Jesus said in Matthew 15:8 to 9, “ ‘This people honors Me with their lips, but their heart is far away from Me. 9But in vain do they worship Me, teaching as doctrines the precepts of men.’ ” You can hide who you really are from your boss, you can hide it from the other moms, you can even hide it from your small group leader at church–but you cannot hide it from God. He knows your heart. And stay with me–you cannot hide if from your children, because they know the real you.

There is much conversation about why so many abandon the Church at age 18, leaving the things of God behind and deconstructing their faith–so much about what is wrong in our churches and what do we need to do to fix that problem. Let me help you here. There is no greater reason that teenagers leave the Church and abandon their faith than the hypocrisy in their own home. You can tell them to follow God’s ways. You can preach obedience until you are blue in the face, but they are watching you–they know the real you.

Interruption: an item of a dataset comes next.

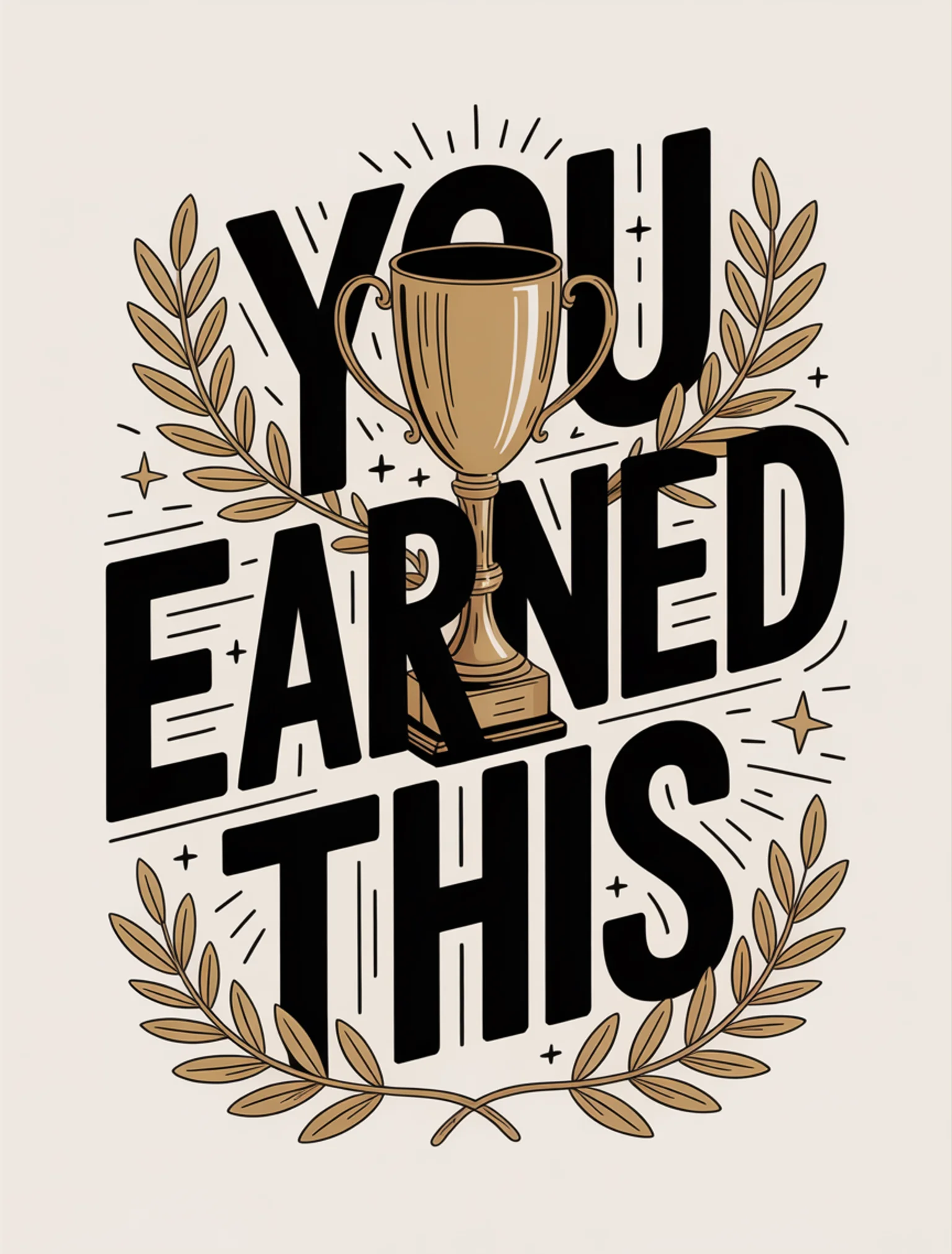 You Earned This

They are sitting in the backseat listening as you fight. They can hear you yelling at each other in the next room. They know what you watch on TV. They know if your Bible sits on the shelf, only coming out for its weekly trip to church. There is nothing that confuses a child more than the hypocrisy of their own parents. Parents say much more to their kids by their lives than by their words.–Kristen Welch

Oh friend, we must take steps today–for the sake of our children, for the sake of our own souls. This is front and center. This is the crux of it all. Verse 5, “You shall love the Lord your God with all your heart and with all your soul and with all your might.” It flows from the heart and encapsulates the whole being. It holds nothing back. It gives all to Him. Notice the word “all” repeated three times, as if to emphasize, to prioritize. Love is raised to the third power, showing its supremacy, its completeness. There are no competitors, no rivals, no seconds-it is total. It is complete.

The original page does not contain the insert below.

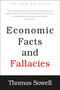 Economic Facts and Fallacies (Second Edition) by Thomas Sowell, 9780465022038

There are no rogue desires. No secret sins. No other loves–all are rooted out and thoroughly abandoned. There is only God–He alone is worthy. He demands our complete attention and total worship. This is the testimony that all must have. It is the command that all must follow. And if you want to know why, refer back to point 2. It is because of who He is–the God of Israel who by His own power and because of His lovingkindness rescued His people from slavery in Egypt. He released them from bondage, drew near to them and gave them life.

So it is with us–He has saved us by His own power and because of His lovingkindness. He has rescued us from the slavery of sin and its eternally destructive power, and has drawn near to us, paying the penalty of our sin and making us alive together with Christ, so that we could be Him both now and forever. Hear, O Christian of Faith Bible Church, and listen to the declaration–this is the one true God, and He is to be loved and worshipped and obeyed.

Is there a question in your family about what you love most? If I asked your spouse, what would they say? If I asked your kids, what would they say? The home is the true indicator of where your love truly lies. There are three simple tests to determine where our affections are–your calendar, your bank account, and your mouth. If Christ is first, then he will be on our lips. If Christ is first, it will be reflected in how we spend our time. If Christ is first, it will be reflected in how we spend our money.

Love for Christ cannot be manufactured. It cannot be contrived–for either you love Christ and your family is oriented around Him or it is not. This is the crux of this message and this is the key to parenting. It is not about self-help–ten steps to being a better parent. It is not about the five parenting books you have on your shelf. It is about this one thing, this singular priority. The direction that your family moves in will be dictated by those things that you love and those things that are precious to you.

I went to UCLA for my undergraduate degree and amazingly my girls are now UCLA fans (Haley and I are going to see UCLA basketball this Thursday against Arizona State, who beat the University of Arizona last night with a half court buzzer beater). Certainly, it could be because UCLA has a robust athletics program and has more national championships than its rival. Or maybe because of the quality of academics, a 4.18 GPA to get into UCLA vs. a 3.7 to get into SC. UCLA has produced 25 Nobel prizes vs. the paltry 10 from USC. It could be the campus location–beautiful Westwood vs. dangerous south-central LA. Or the annual cost—$35,000 vs. $85,000. So many things we could look at. We don’t need to mention the NCAA sanctions against USC, stripping them of a national championship for football because they’re a bunch of cheaters.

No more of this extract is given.